A few notes about some of the webquest's features:

  •  The homepage includes a brief powerpoint presentation about perspective, just to get the thinking started. 
  • The two links listed under resources for Walter Cunningham are pages I created from the American Life Histories: Manuscripts from the Federal Writers' Project, 1936-1940 website. Because I found the links through their search engine, I couldn't link this webquest directly to the proper transcripts. Students can find these and other primary source transcripts by searching through the link above.
  • If your school has a license for Inspiration, (you can download it for a free 30-day trial) take a look at the concept map on that page as well.  It may help some students more clearly understand their tasks. 

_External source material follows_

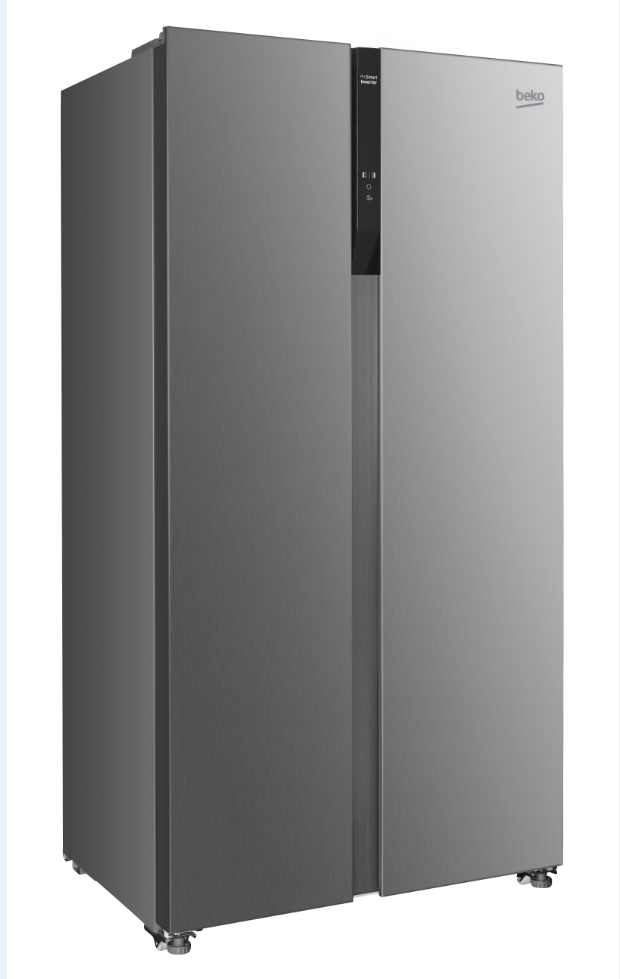 Ein silberner Beko Side-by-Side-Kühlschrank. Er hat zwei Türen, ein Bedienfeld und das Beko-Logo. Er steht auf kleinen Beinen.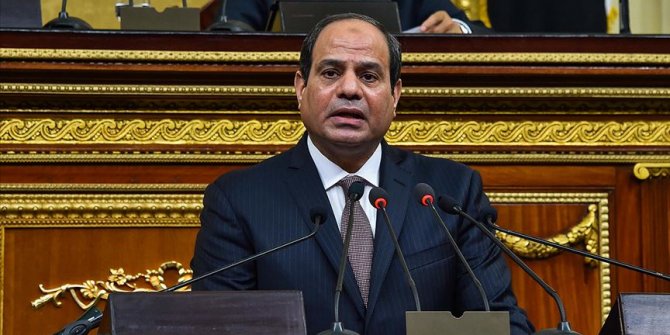 Mısır Cumhurbaşkanı Sisi'nin 2030'a kadar görevde kalmasının yolu açıldı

  • The evaluative rubric was created in a program called Rubistar. You can create rubrics here free of charge if you would like to design your own for this or other projects. 

The intention of this webquest is multifaceted. I hope that students are able to explore the rich themes of this novel as well as the historical context of the characters and events.  I also believe it is important for them to have the opportunity to express their understanding in both verbal and artistic ways.  Please feel free to borrow or adapt from this site as you see fit.